Caption-style text data:
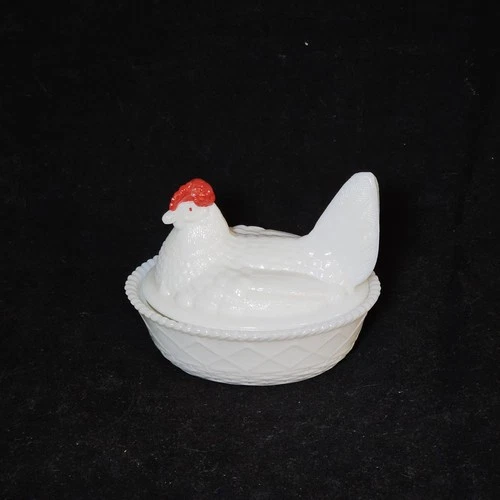 Vintage Westmorland White Milk Glass Hen Chicken on Nest Covered Dish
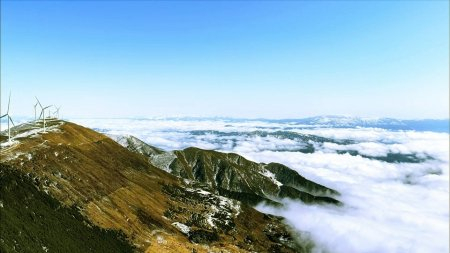 从木佛山广播电视转播台远眺云海。昭觉县文广旅局供图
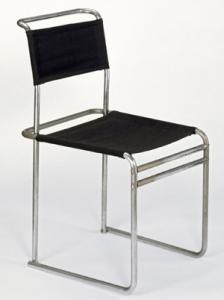 Marcel Breuer zijn b5 designstoel uit 1926 / 1927. Te zien in het stedelijk museum in Amsterdam Marcel Breuer zijn b5 designstoel uit 1926 / 1927. Te zien in het stedelijk museum in Amsterdam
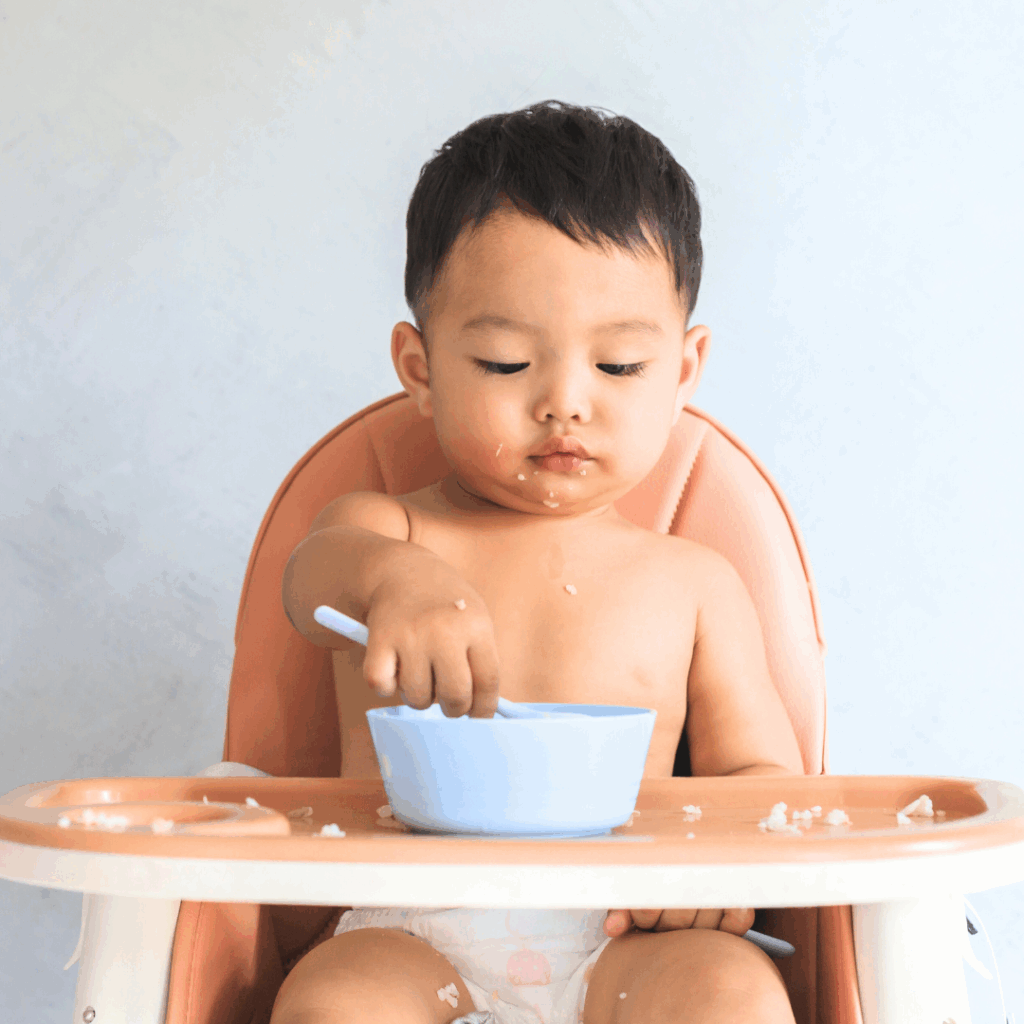 Baby self-feeding pureed food
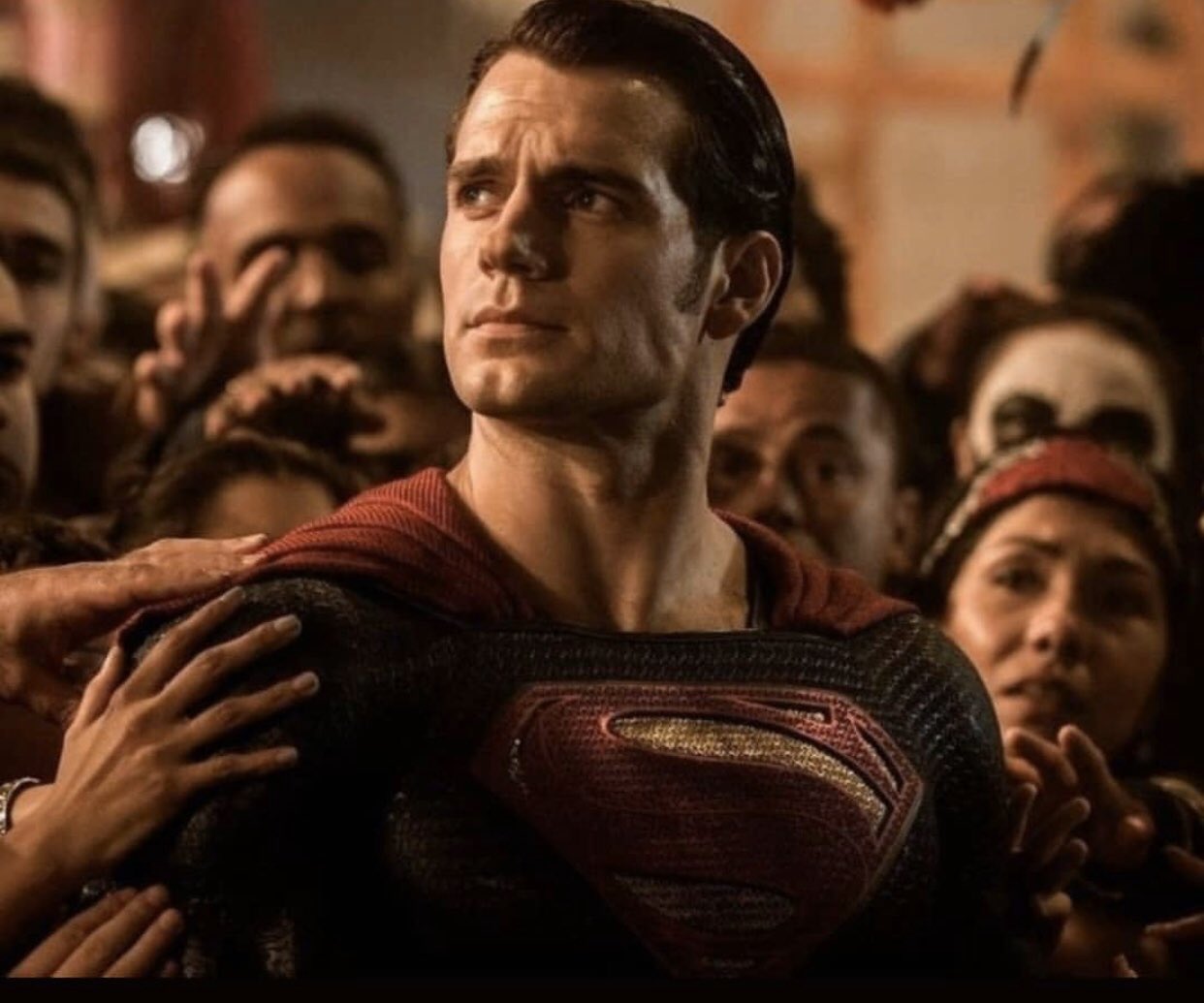 Happy birthday Henry Cavill! Have a good one Superman! 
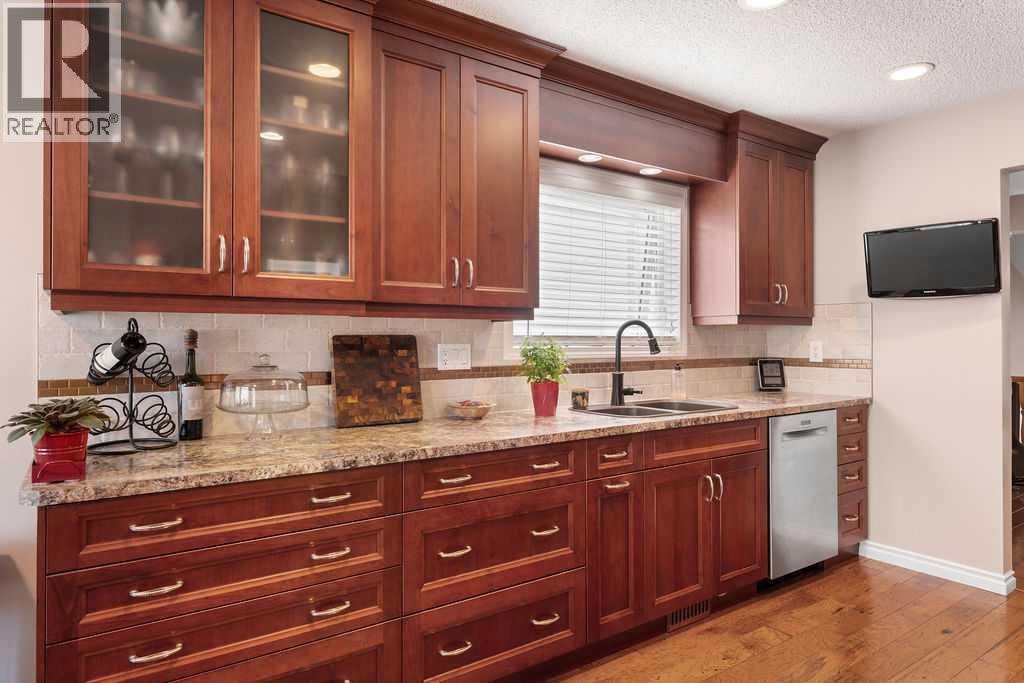 Photo 1 of 10 Hunters Gate, Okotoks AB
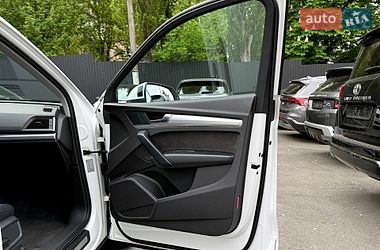 Внедорожник / Кроссовер Audi Q5 2017 в Киеве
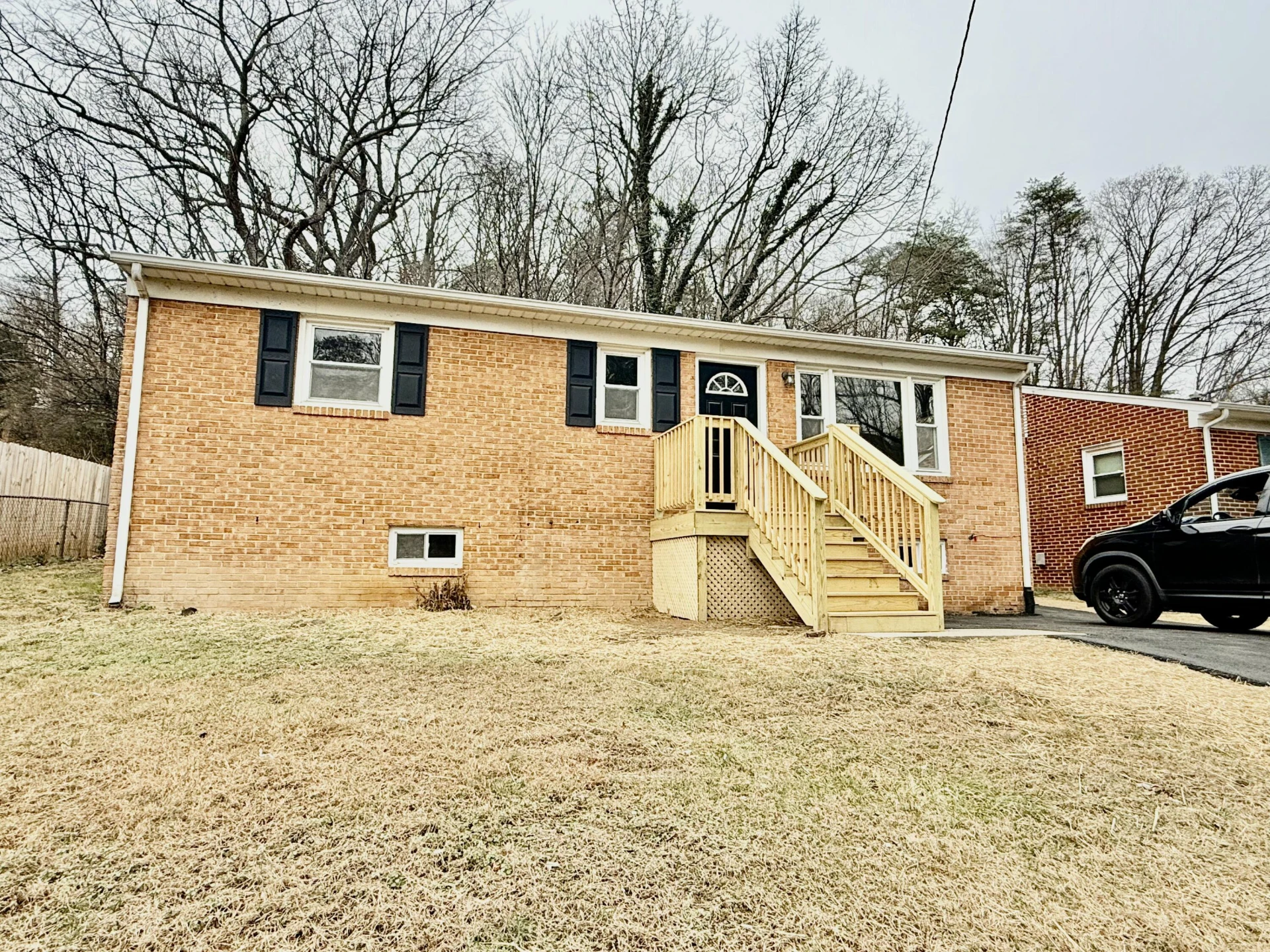3432 Manassas DR - Photo 2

* **DESCRIPTION OF THE TASK**
Transcribe all entries above exactly. Omit the pictures.

* **WRITTEN REPLY**
 Vintage Westmorland White Milk Glass Hen Chicken on Nest Covered Dish
 从木佛山广播电视转播台远眺云海。昭觉县文广旅局供图
 Marcel Breuer zijn b5 designstoel uit 1926 / 1927. Te zien in het stedelijk museum in Amsterdam Marcel Breuer zijn b5 designstoel uit 1926 / 1927. Te zien in het stedelijk museum in Amsterdam
 Baby self-feeding pureed food
 Happy birthday Henry Cavill! Have a good one Superman! 
 Photo 1 of 10 Hunters Gate, Okotoks AB
 Внедорожник / Кроссовер Audi Q5 2017 в Киеве
3432 Manassas DR - Photo 2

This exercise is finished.